There is huge performance difference between, to_datetime and using astype for a epoch time series:
Pandas to_datetime
performance :
%timeit pd.to_datetime(pd.Series(np.arange(1352500101000000000,1420438546000000000,6000000000)))
Output: 1.51 s ± 37.3 ms per loop (mean ± std. dev. of 7 runs, 1 loop each)
Pandas astype('datetime64[ns]')
performance :
%timeit pd.Series(np.arange(1352500101000000000,1420438546000000000,6000000000)).astype('datetime64[ns]')
57.5 ms ± 987 µs per loop (mean ± std. dev. of 7 runs, 10 loops each)
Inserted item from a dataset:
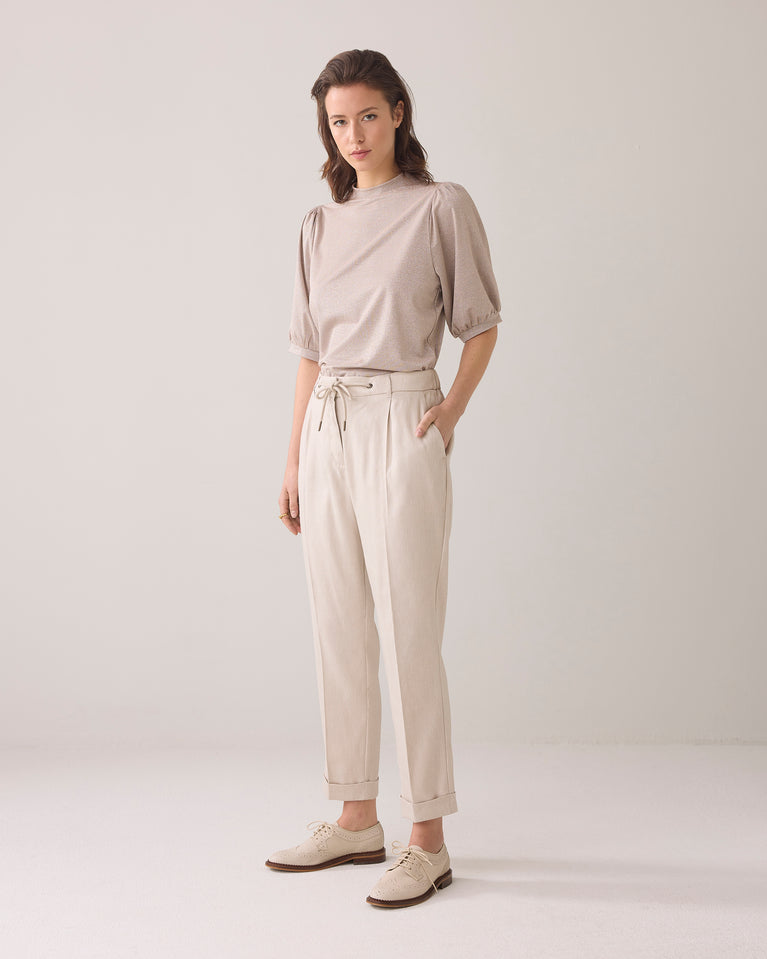 Summum Lurex-top Met Pofmouwen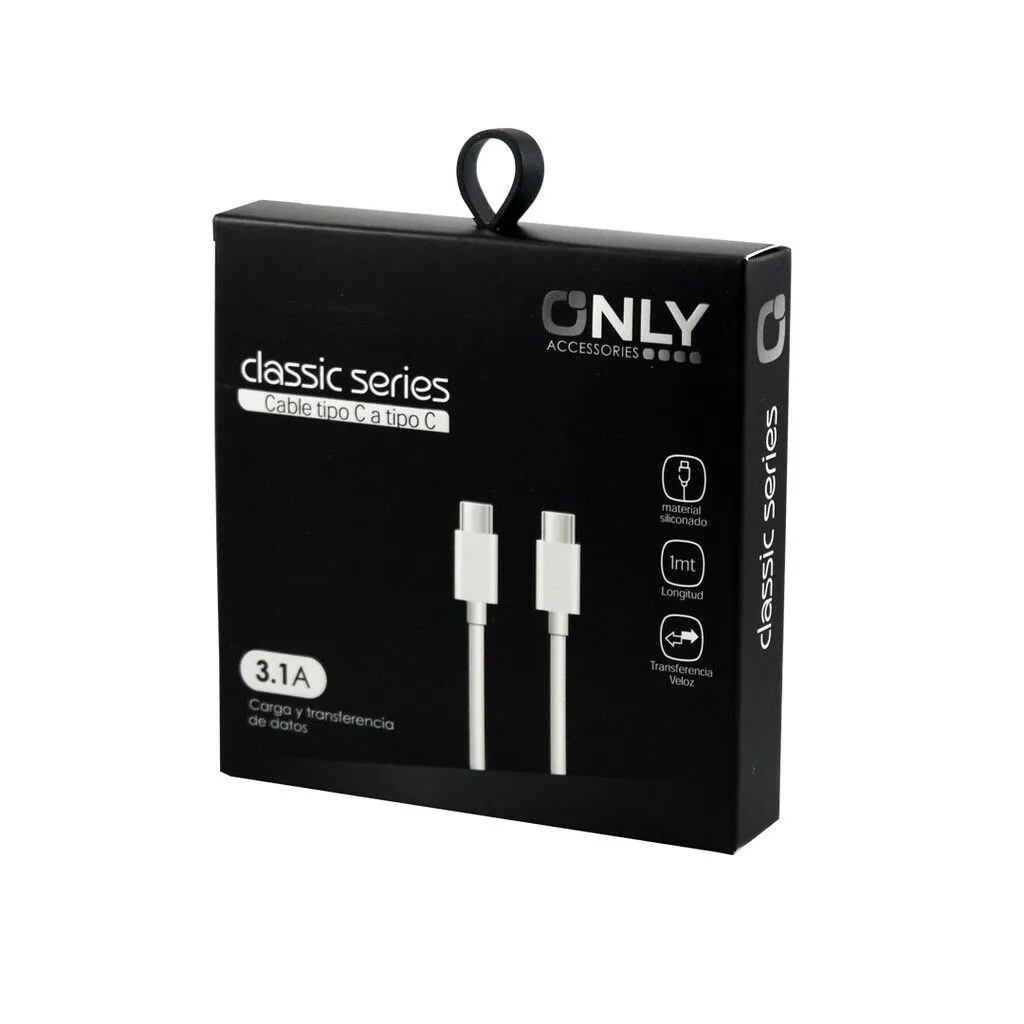 CABLE TIPO C A TIPO C - ONLY - BLANCO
I am unable to find reason for this performance variance, any help will be great
Thanks!
Output of pd.show_versions()
INSTALLED VERSIONS
------------------
commit: None
python: 3.5.2.final.0
python-bits: 64
OS: Linux
OS-release: 4.4.0-79-generic
machine: x86_64
processor:
byteorder: little
LC_ALL: en_US.UTF-8
LANG: C.UTF-8
LOCALE: en_US.UTF-8
pandas: 0.20.2
pytest: 3.1.2
pip: 8.1.2
setuptools: 27.2.0
Cython: 0.25.2
numpy: 1.12.1
scipy: 0.19.0
xarray: 0.9.6
IPython: 6.1.0
sphinx: None
patsy: 0.4.1
dateutil: 2.6.0
pytz: 2017.2
blosc: None
bottleneck: 1.2.0
tables: 3.4.2
numexpr: 2.6.2
feather: 0.4.0
matplotlib: 2.0.0
openpyxl: 2.5.0a2
xlrd: 1.0.0
xlwt: None
xlsxwriter: None
lxml: None
bs4: 4.5.3
html5lib: 0.999
sqlalchemy: 1.1.5
pymysql: None
psycopg2: None
jinja2: 2.9.5
s3fs: 0.1.0
pandas_gbq: None
pandas_datareader: 0.4.0
Comment From: jorisvandenbossche
If you specify the unit
, the difference is already much smaller:
In [15]: s = pd.Series(np.arange(1352500101000000000,1420438546000000000,6000000000))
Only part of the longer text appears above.